O momento iniciou com uma mística em memória aos mártires da luta pela terra, com destaque para o padre Josimo Tavares, agente da CPT Araguaia-Tocantins assassinado em 10 de maio de 1986 com apenas 33 anos de idade, a mando de fazendeiros, por sua defesa junto às lutas de trabalhadores rurais da região do Bico do Papagaio (norte do Tocantins).

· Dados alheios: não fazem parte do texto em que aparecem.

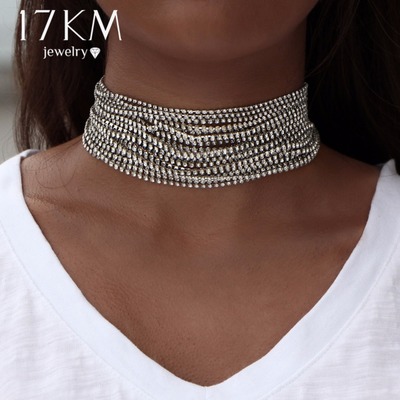 Multi layer rhinestone crystal necklace in silver and gold - Thumbnail 3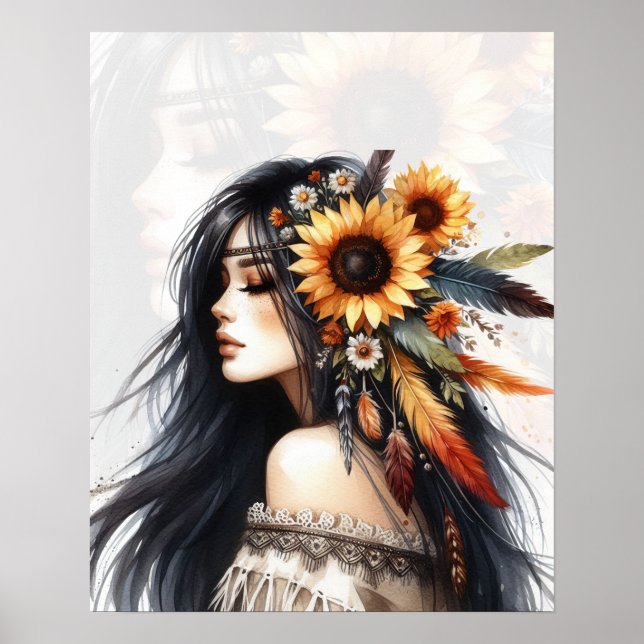 Boho Girl AI Kunst Boheme Mode Poster (Vorne)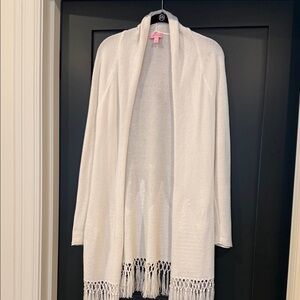 Lilly Pulitzer Cream Open-Front Fringe Hem Cardigan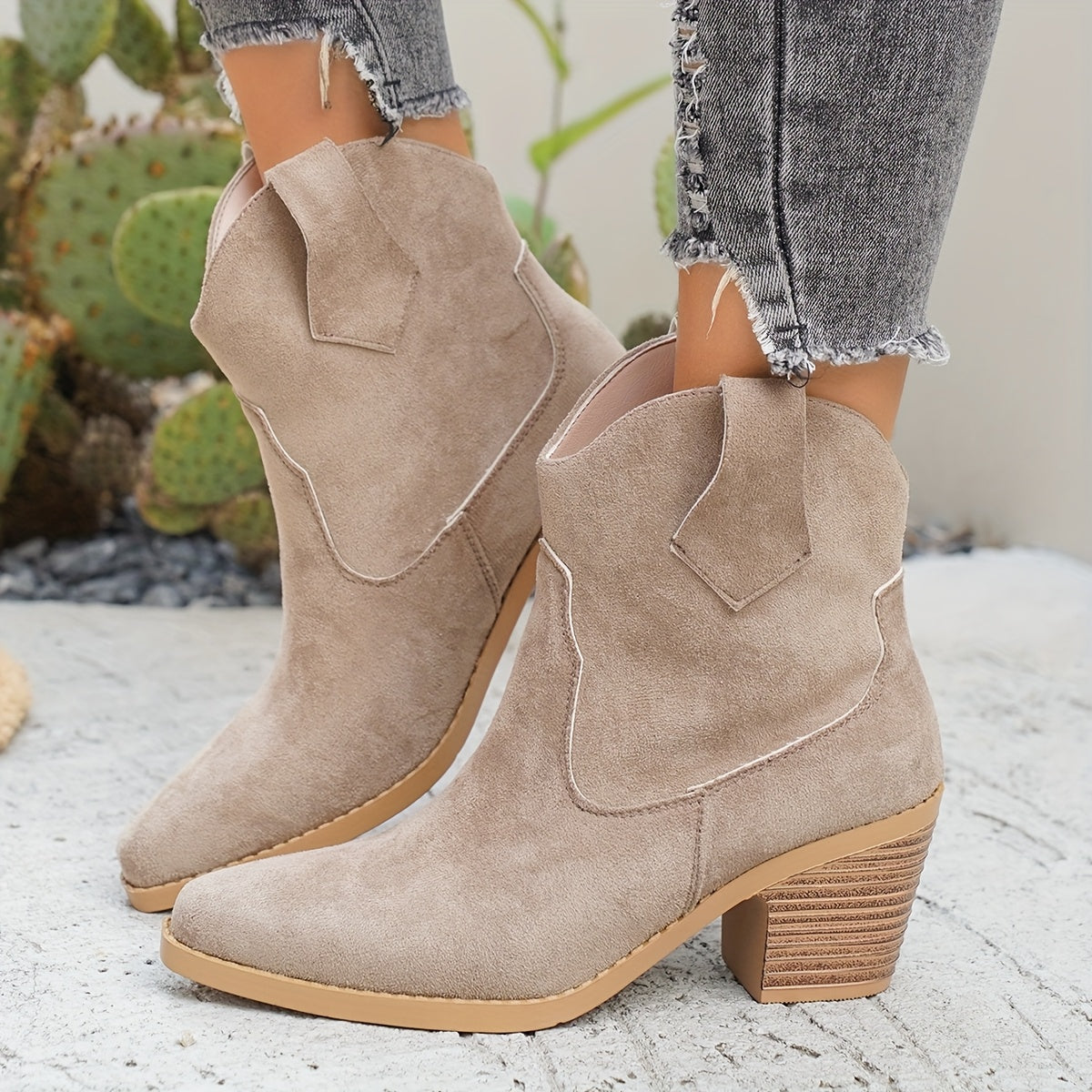 Women's Western Pointed Toe Chelsea Ankle Boots with Stacked Heel in Beige
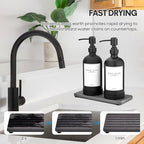 Kitchen Soap Dispenser Set with Instant Dry Tray & Sponge Holder,16 Oz Hand and Dish Soap Black Glass Dispenser Set,Stainless Steel Pump,Waterproof Labels,Luxury Soap Bottle for Bathroom - color: Black Bottle+black Pump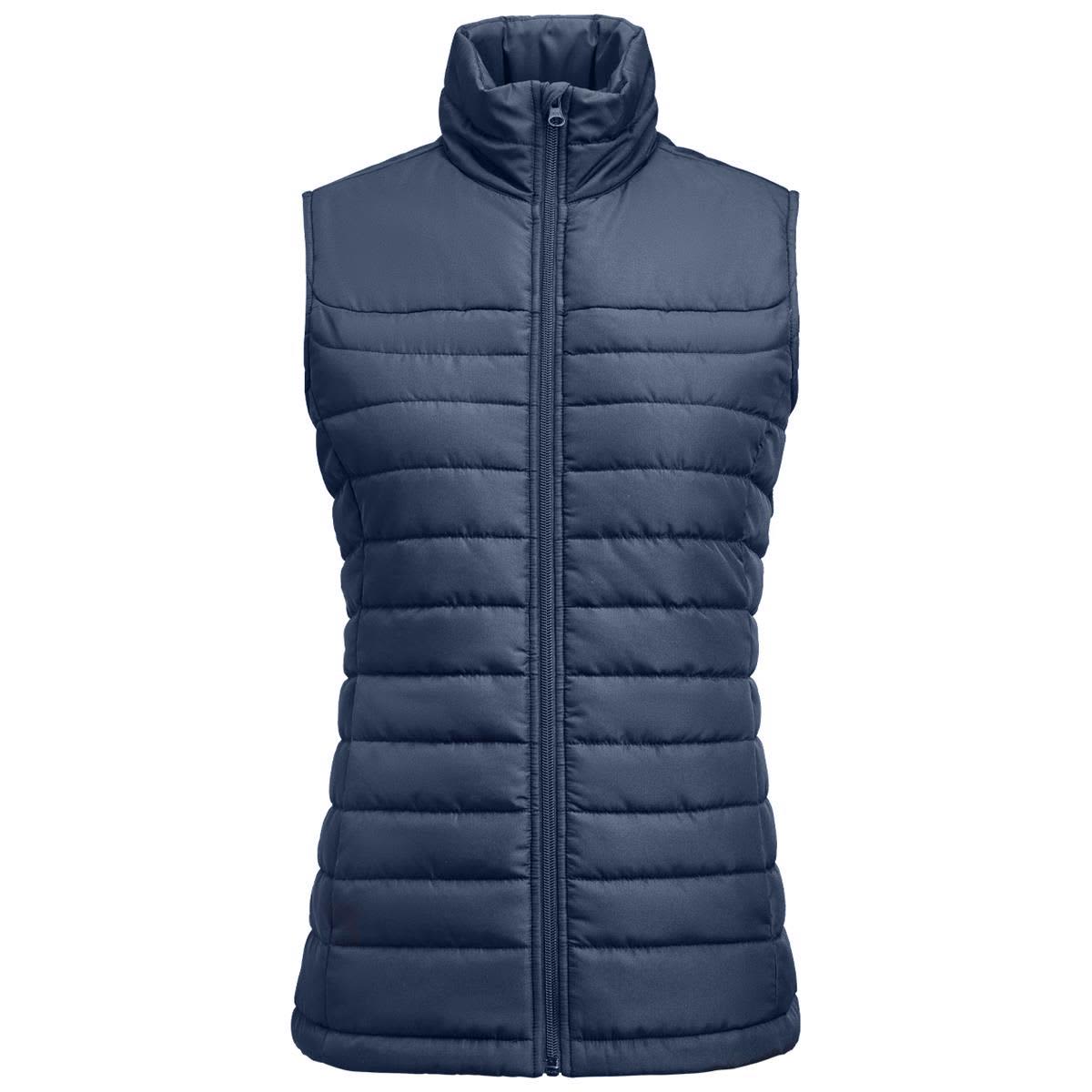 A women's padded vest in navy blue with a zip front and high collar. Features a branding logo. Arches Women's Padded Vest - Image 1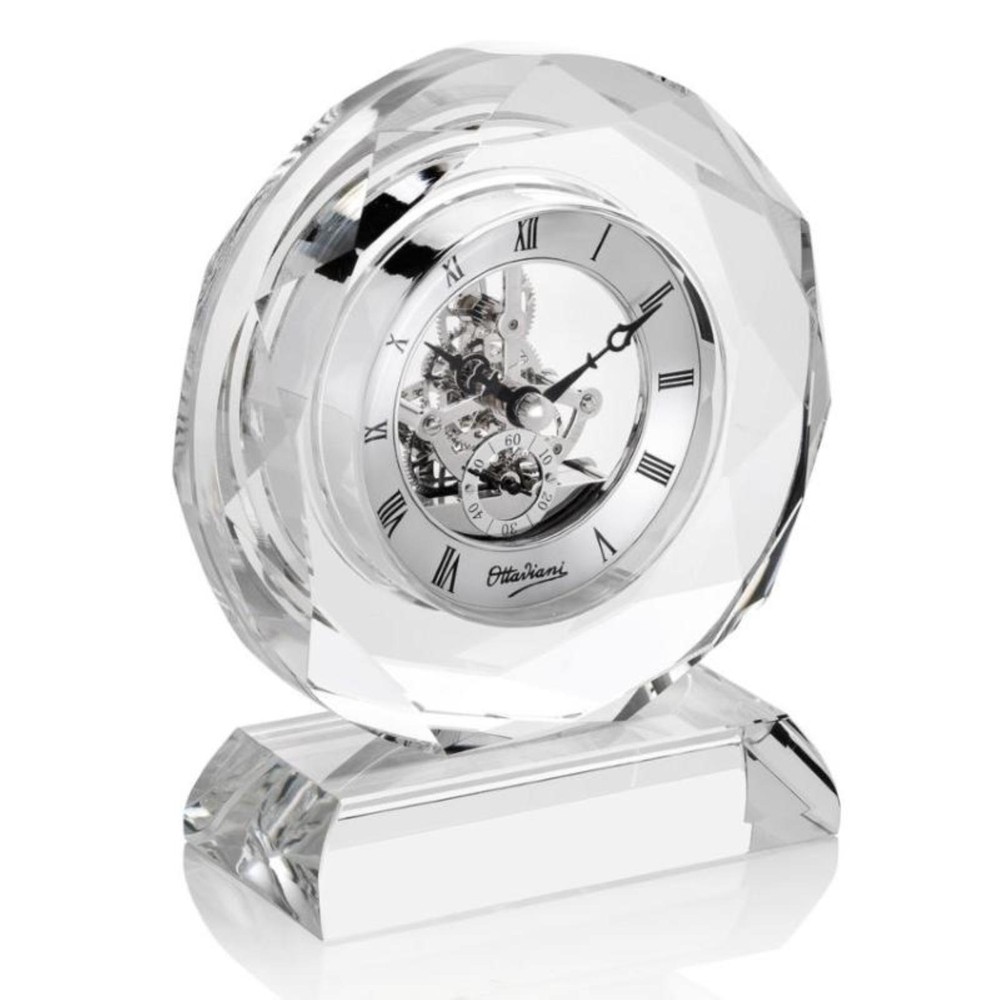 OTTAVIANI 29711 Round Shape Crystal Table Clock with Base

Na apresentação dos dados, conduzida por Andreia Silvério, da Coordenação Nacional, os destaques foram para os números recordes de conflitos em todo o país, e também a posição que o Pará ocupa nos registros: o estado é o segundo em todo o país, com 226 ocorrências (atrás apenas da Bahia), sendo a maior parte conflitos por terra (183). Empresários (28%), grileiros (19%) e fazendeiros (18%) são os maiores agentes da violência, que vitimou principalmente quilombolas (29%), indígenas (27%), posseiros (15%) e assentados da reforma agrária (14%).

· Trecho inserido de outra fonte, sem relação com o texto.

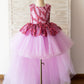 Fuchsia Sequin Tulle V Back Hi-Low Wedding Flower Girl Dress Kids Party Dress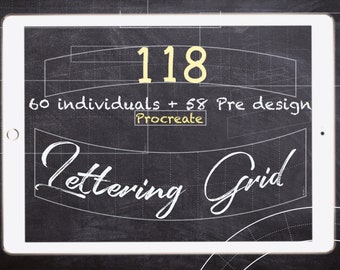 Ultimate Procreate Lettering Grid - Procreate lettering guide - 118 Stamps - procreate calligraphy - lettering tools - Lettering Grid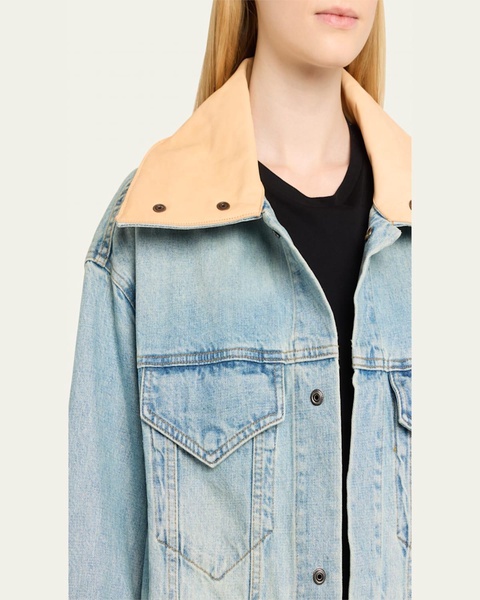 Kat Long Denim Trucker Coat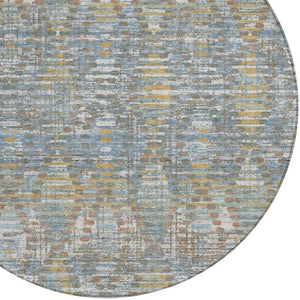 HomeRoots 8 Ft Round Floral Medallion Rug Washable Polyester Stain Resistant Indoor Outdoor Patio 734580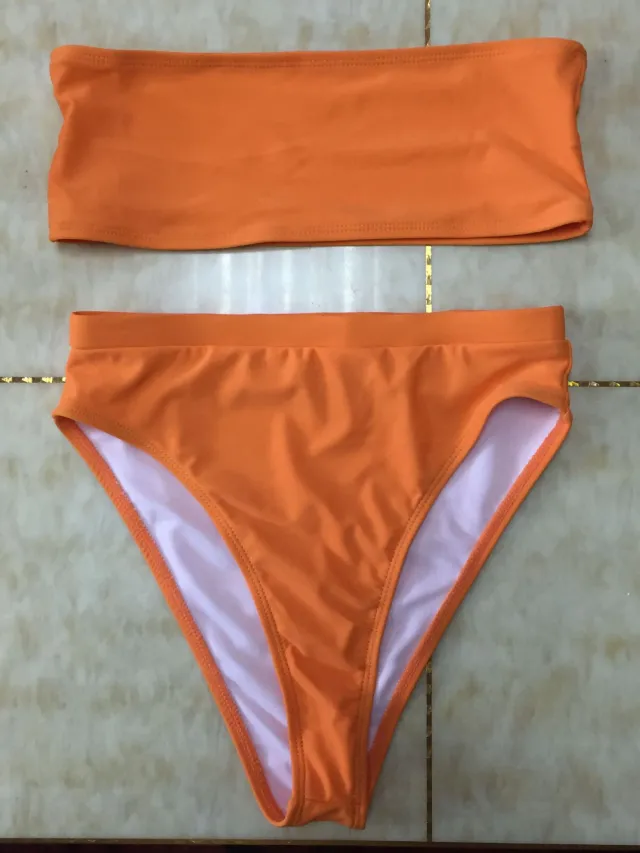 Sexy Two Piece Breast Wrap Swimsuit Bikini Set Tube Top Set Orange - Shop at LoveMi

Dentre as violências pela ocupação e a posse, os cinco principais casos são de invasão (356), pistolagem (211), grilagem (179), ameaça de expulsão (176) e ameaça de despejo (142). As quatro regiões do estado onde mais se concentram os casos são a Nordeste, Sudeste e Sudoeste Paraense, além do Baixo Amazonas. Em relação à violência contra a pessoa, mesmo com o número menor de assassinatos em relação a anos anteriores (2), diversas pessoas foram vítimas de outras violências como a contaminação por agrotóxico (295), cárcere privado (48), ameaça de morte (39), intimidação (39) e tentativa de assassinato (16).
“A ameaça de morte é a principal violência sofrida pelos povos do campo nos últimos dez anos no Pará, atingindo 358 pessoas. E o mais triste é que muitas delas foram assassinadas, como o Ronair José de Lima, que recebeu ameaças em 2014 e infelizmente teve sua vida tirada em 2016”, afirmou Andreia Silvério.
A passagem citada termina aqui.